Assigned task
When you give the entries again, keep every word as it stands and drop the pictures.
Start of Dataset records
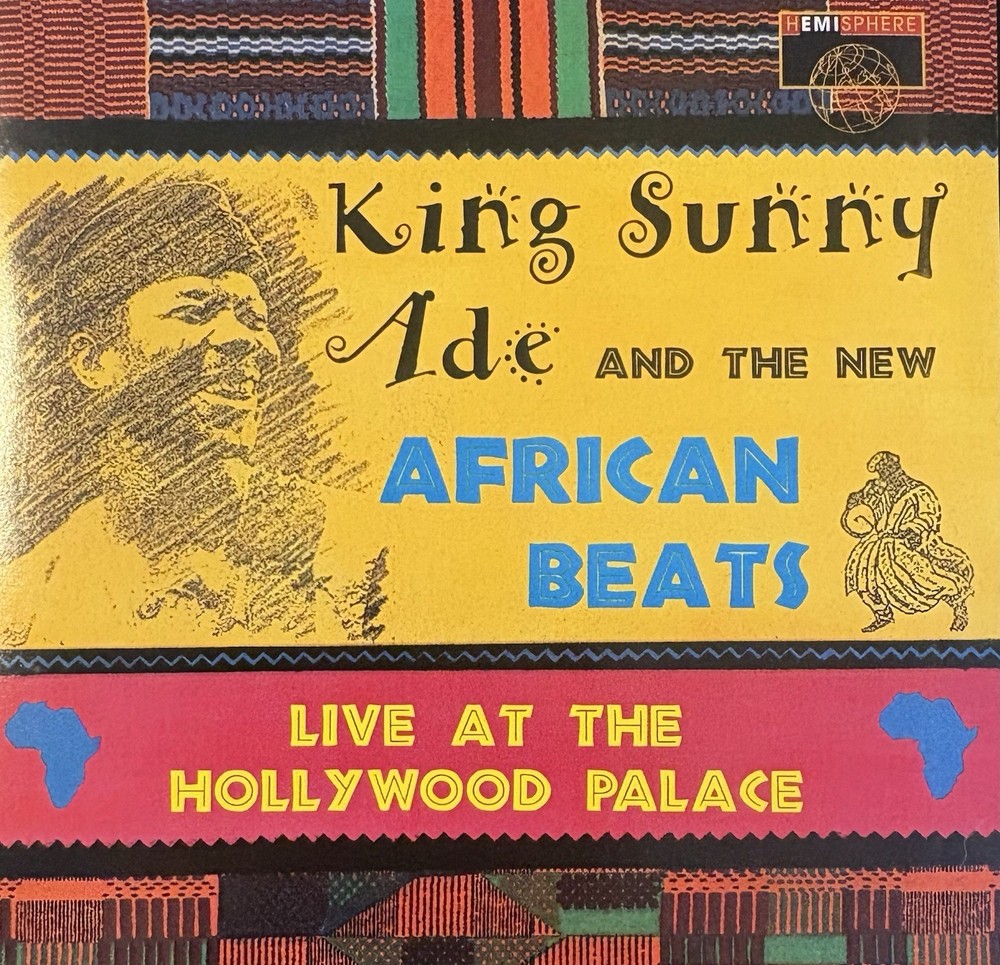 Live at the Hollywood Palace - King Sunny Ade Very Good AudioCD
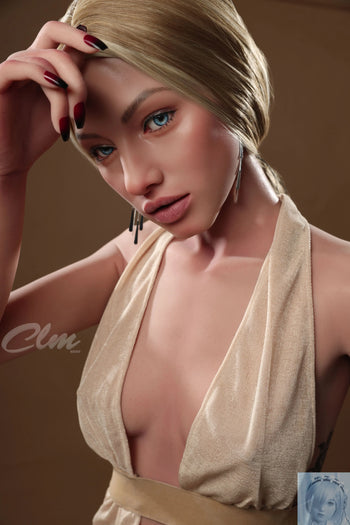 Climax Doll Ultra-Realistic SiQ 157cm B Cup TPE Sex Doll Sola Climax Doll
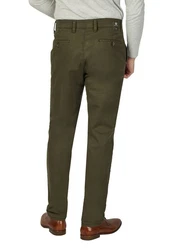 Club of Comfort Chinohose Garvey Khaki/Dunkelgrün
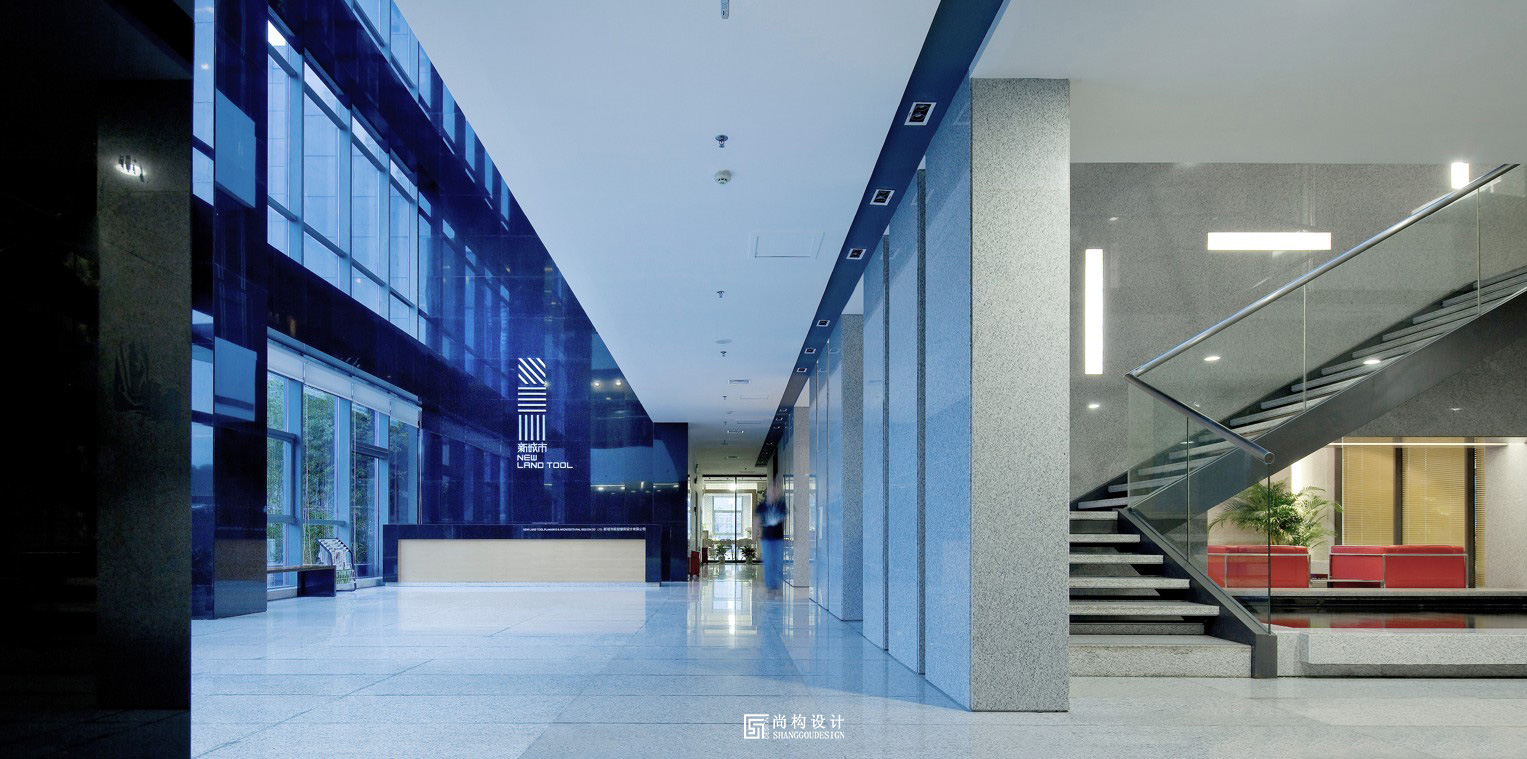 深圳新城市大厦办公空间设计
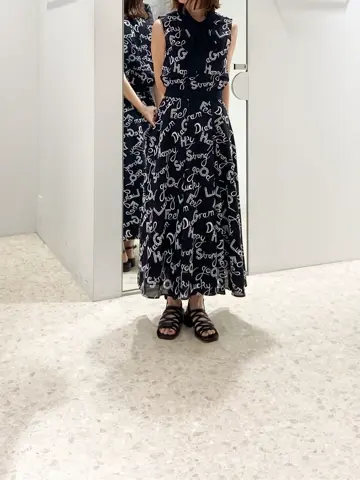 Diagram 古川温子 コーディネート画像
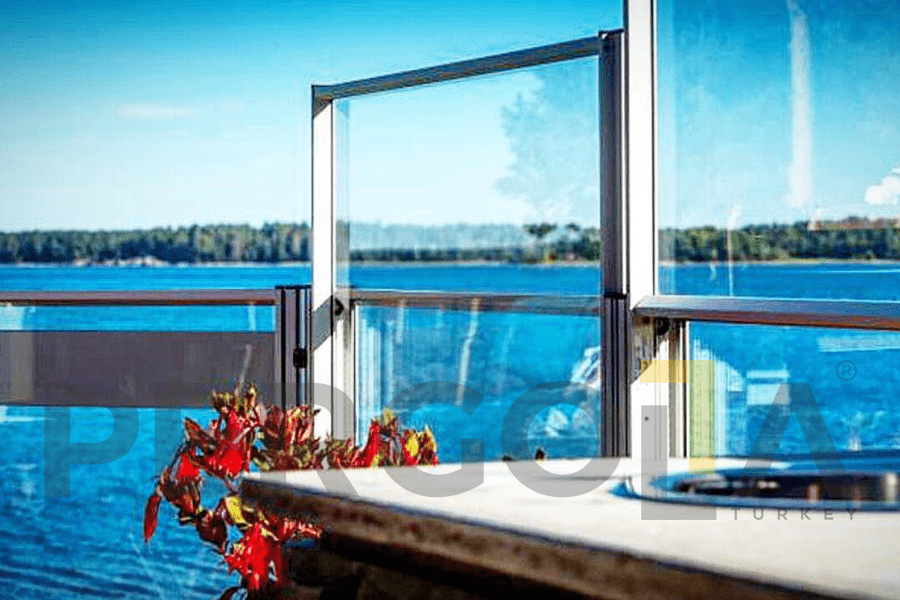 Manual Guillotine Wind Break System - Image 8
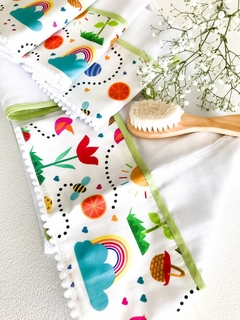 Kit Presente Banho de Bebê Sol na internet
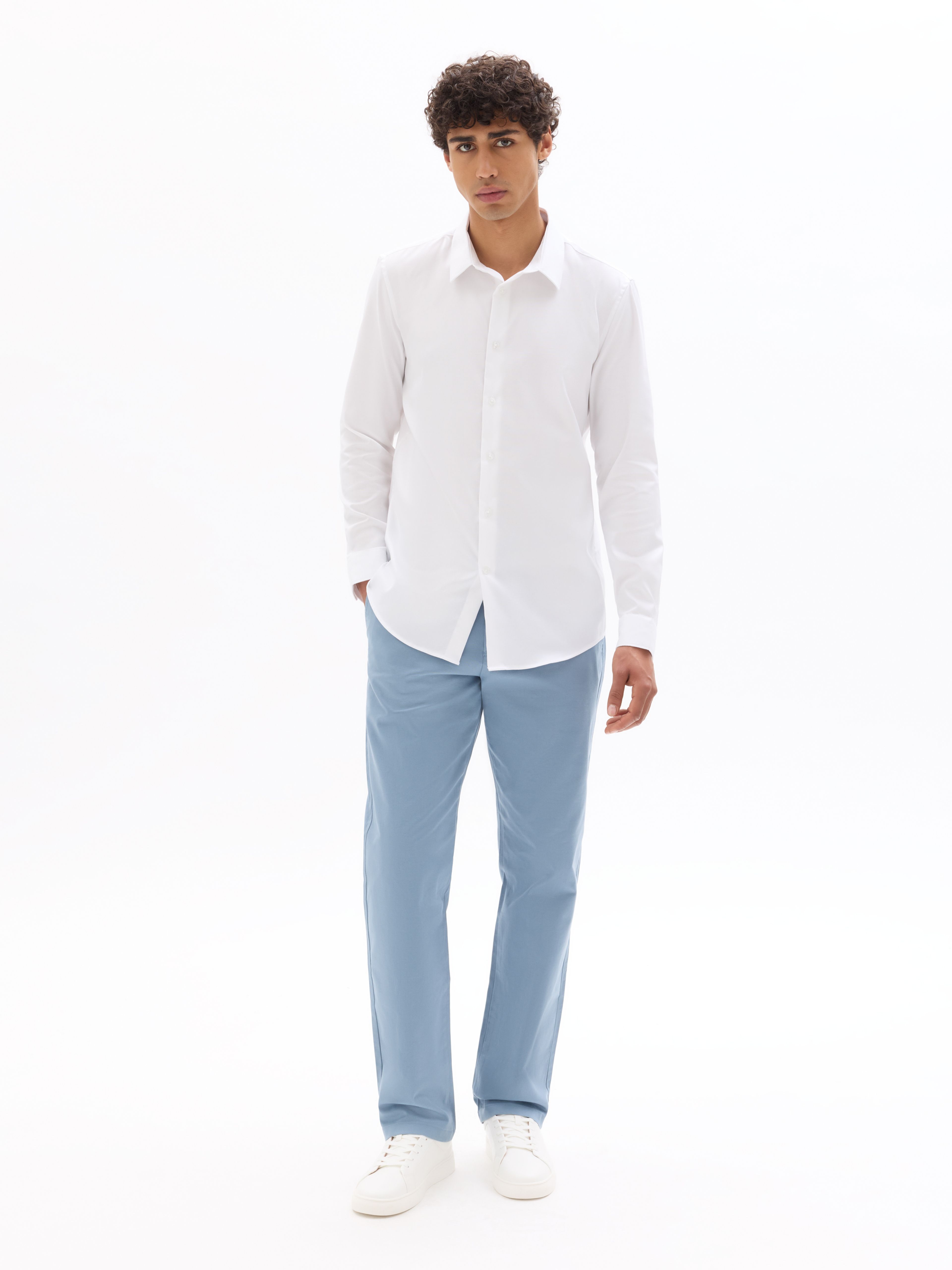 Chino nohavice Todaniel - 002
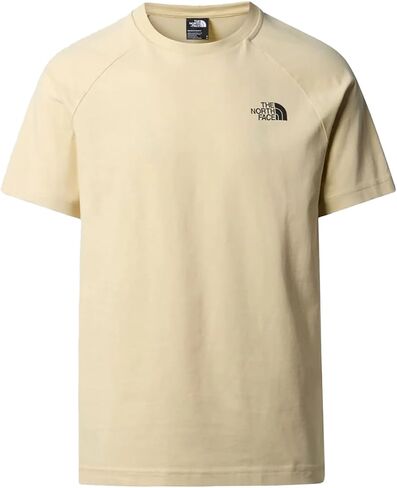 تيشيرت North Faces للرجال بأكمام قصيرة من The North Face، Gravel، مقاس كبير in Kuwait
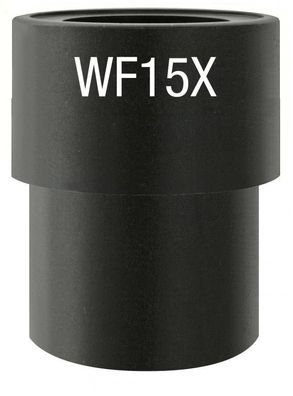 Mikroskop Weitfeld Okular WF 15x für 23,2mm Okular Aufnahme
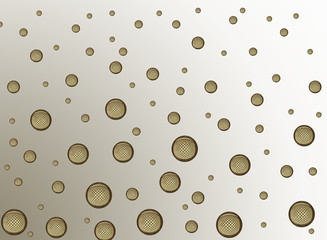 Bubble pattern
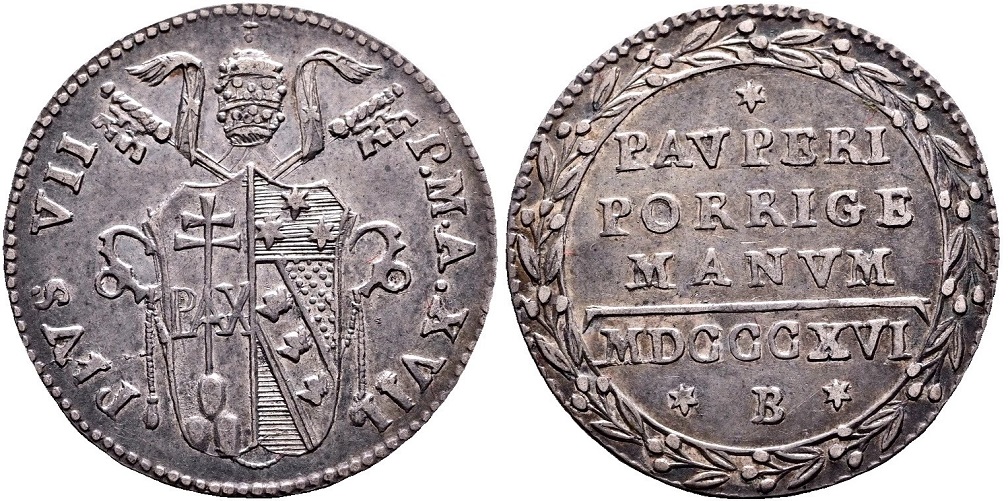 Post-Your-Papal-States-Coins---Reverse-Chronological-Schedule-By-Ruler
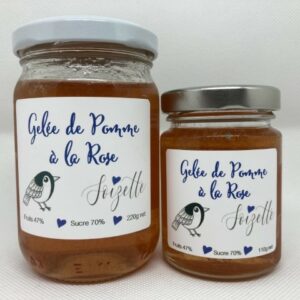 Gelée de Pomme à la Rose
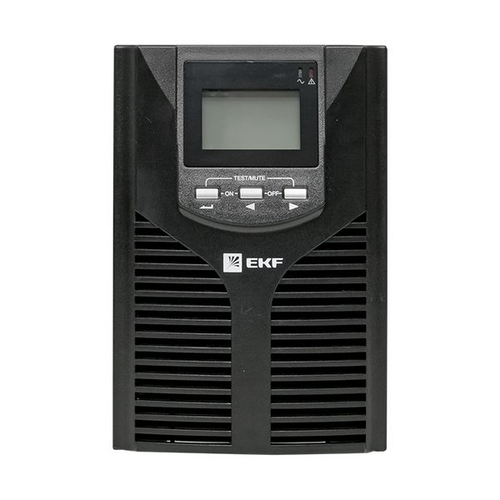Источник Бесперебойного Питания двойного преобразования E-Power SW900Pro-T 1000 ВА/900Вт напольный,USB,RS232,SNMP слот, без АКБ sw910pro-t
End of Dataset records
Response area
 Live at the Hollywood Palace - King Sunny Ade Very Good AudioCD
 Climax Doll Ultra-Realistic SiQ 157cm B Cup TPE Sex Doll Sola Climax Doll
 Club of Comfort Chinohose Garvey Khaki/Dunkelgrün
 深圳新城市大厦办公空间设计
 Diagram 古川温子 コーディネート画像
 Manual Guillotine Wind Break System - Image 8
 Kit Presente Banho de Bebê Sol na internet
 Chino nohavice Todaniel - 002
 تيشيرت North Faces للرجال بأكمام قصيرة من The North Face، Gravel، مقاس كبير in Kuwait
 Mikroskop Weitfeld Okular WF 15x für 23,2mm Okular Aufnahme
 Bubble pattern
 Post-Your-Papal-States-Coins---Reverse-Chronological-Schedule-By-Ruler
 Gelée de Pomme à la Rose
Источник Бесперебойного Питания двойного преобразования E-Power SW900Pro-T 1000 ВА/900Вт напольный,USB,RS232,SNMP слот, без АКБ sw910pro-t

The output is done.